Georgia Secretary of State Brad Raffensperger has long been a pointed critic of former President Donald Trump’s conduct on a January 2, 2021, phone call in which Trump told numerous lies about supposed election fraud and pressured Raffensperger to somehow “find” enough votes to overturn his defeat in Georgia in the 2020 election.
In an interview that aired Sunday on NBC’s “Meet the Press,” though, Trump claimed Raffensperger had recently declared Trump’s conduct on the call perfectly acceptable.
“That was a phone call made in front of, I guess seven or eight lawyers. Brad Raffensperger, the head – who, by the way, last week said I didn’t do anything wrong,” Trump said. “He said, ‘That was a negotiation.’ Brad Raffensperger, who I was dealing with, I appreciate that he said that. But he said last week, I didn’t do anything wrong.”
Trump repeated moments later that Raffensperger “last week said I didn’t do anything wrong.”
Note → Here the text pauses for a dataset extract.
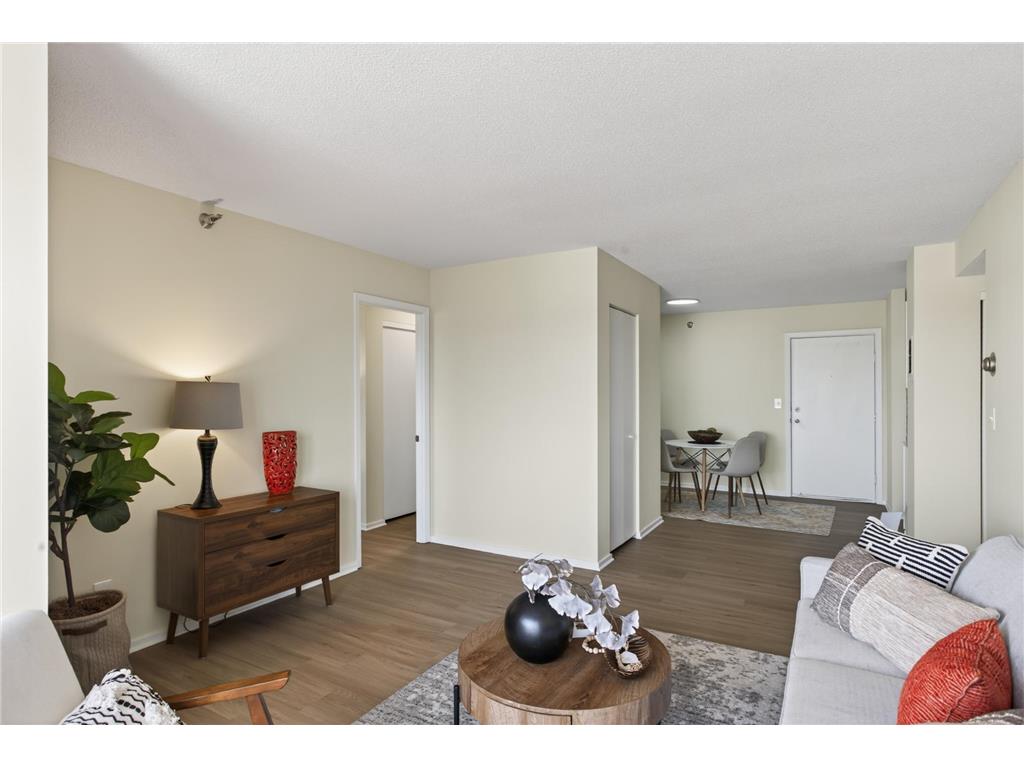 66 9th Street E #2102 Saint Paul MN 55101 7069157 image2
Trump’s lie-filled efforts to pressure Raffensperger on the call were invoked in both Trump’s indictment in Fulton County, Georgia, over his efforts to subvert the election results in the state and his federal indictment over his broader election subversion efforts around the country. If Raffensperger had suddenly begun defending Trump’s conduct on the call, that would be significant political and legal news.
But Raffensperger didn’t actually do that.
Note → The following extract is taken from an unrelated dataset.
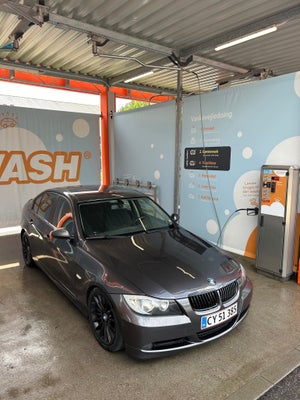 BMW 320i 2,0  4d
Facts First: Trump’s claim is false. Raffensperger did not say that Trump didn’t do anything wrong on the January 2021 call.
Trump’s claim about Raffensperger, a Republican, was one of more than a dozen false claims he made in the “Meet the Press” interview. Trump’s 2024 presidential campaign did not respond to a request to explain what supposed Raffensperger remark Trump was purporting to refer to.
Raffensperger’s office declined to comment. But a review of Raffensperger’s recent public statements shows that he did not say anything similar to what Trump said he did.
Raffensperger’s recent statements about the call and Trump
It is possible that Trump was mischaracterizing Raffensperger’s testimony from a late-August court hearing on the attempt by former Trump White House chief of staff Mark Meadows to get his own Georgia criminal case moved from state court to federal court. Nowhere in Raffensperger’s testimony did he say Trump didn’t do anything wrong or did he defend Trump’s words.
Rather, Raffensperger testified that “I didn’t take it as inappropriate” when Meadows told him on the January 2021 call that he hoped they could reach an agreement to allow the Trump side to look more fully at the election data. (Meadows had asked on the call if, “in the spirit of cooperation and compromise,” they could “at least have a discussion” to seek a “less litigious” path forward.) That Raffensperger remark was in response to a question that was solely about Meadows’ words, not Trump’s.
Raffensperger has made other recent comments about Trump and the call, but none of them defended the former president’s remarks.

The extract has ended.